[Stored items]
::::

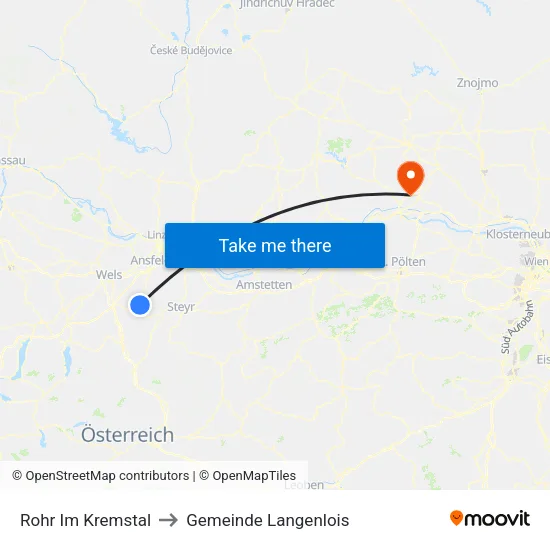 Rohr Im Kremstal to Gemeinde Langenlois map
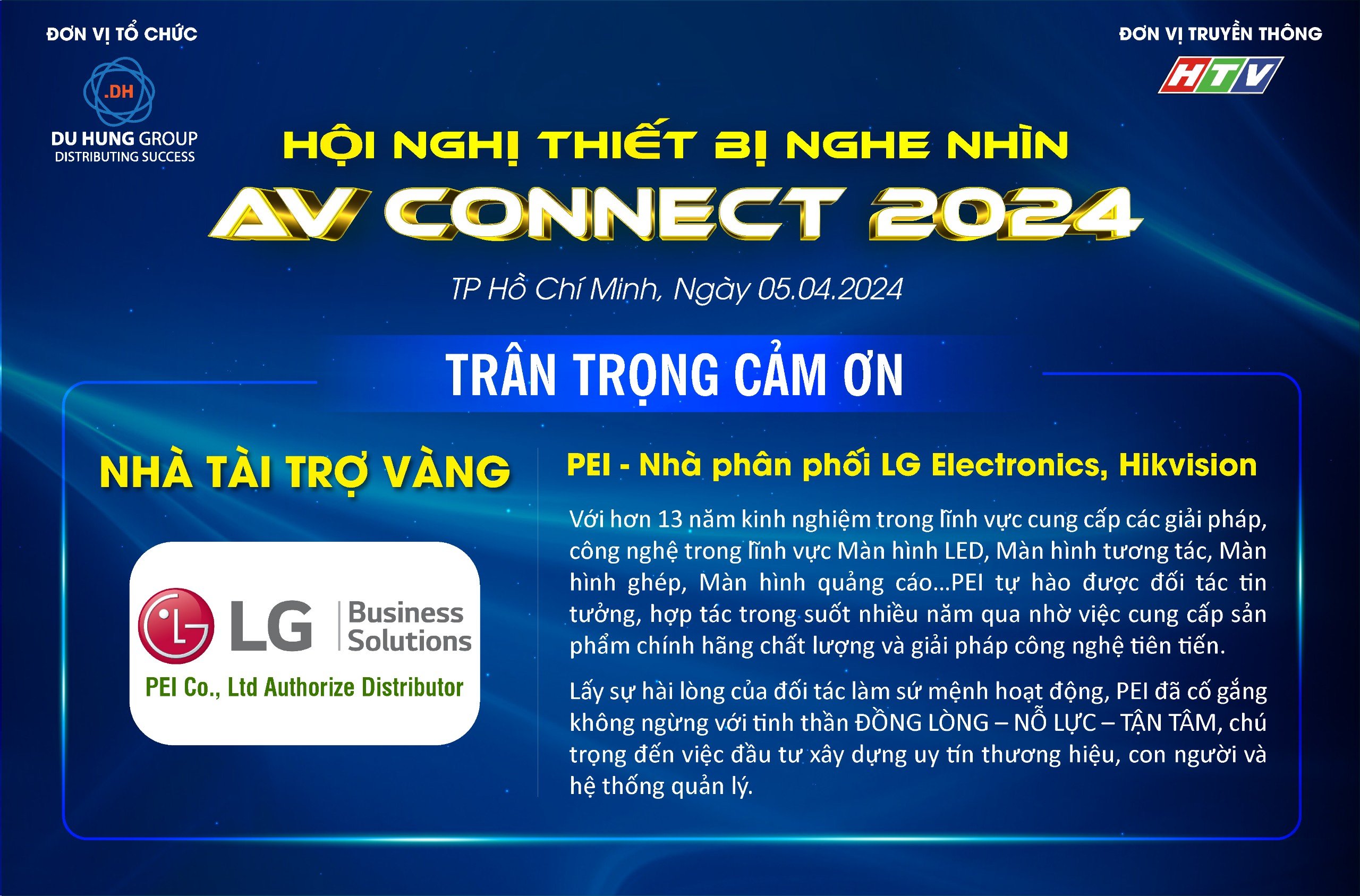 PEI - Nhà phân phối LG Electronics, Hikvision nhà tài trợ Vàng cho sự kiện AV CONNECT 2024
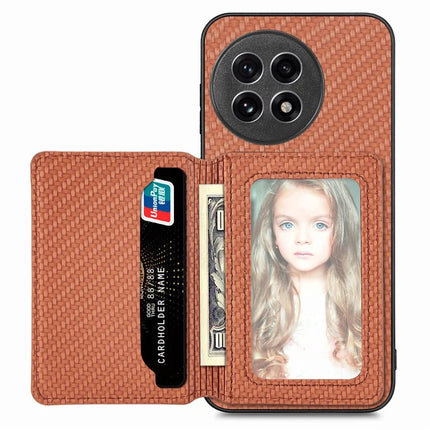 For OnePlus Ace 5 5G / OnePlus Ace 5 Pro 5G Case RFID Blocking Carbon Fiber Leather Phone Back Cover with Card Holder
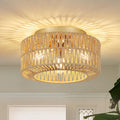 3-Light Hand-Woven Rattan Boho Flush Mount Ceiling Light
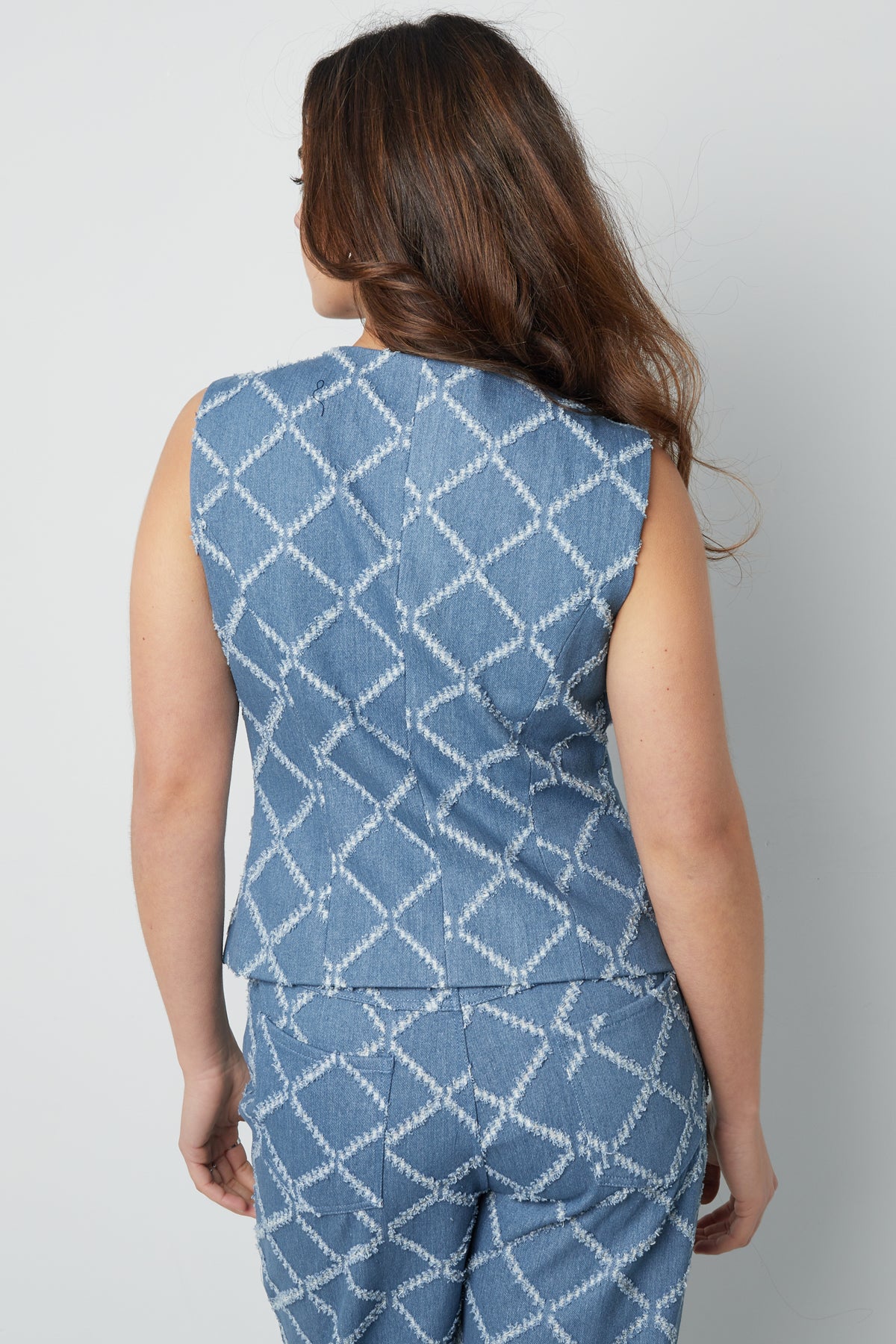 Cotton Vrouwen Mouwloze Top Gespeld Geometrisch Patroon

::::

Your answer must be an exact copy of the records, minus any pictures.

§ **Task response**:
 Rohr Im Kremstal to Gemeinde Langenlois map
 PEI - Nhà phân phối LG Electronics, Hikvision nhà tài trợ Vàng cho sự kiện AV CONNECT 2024
 For OnePlus Ace 5 5G / OnePlus Ace 5 Pro 5G Case RFID Blocking Carbon Fiber Leather Phone Back Cover with Card Holder
 3-Light Hand-Woven Rattan Boho Flush Mount Ceiling Light
 Cotton Vrouwen Mouwloze Top Gespeld Geometrisch Patroon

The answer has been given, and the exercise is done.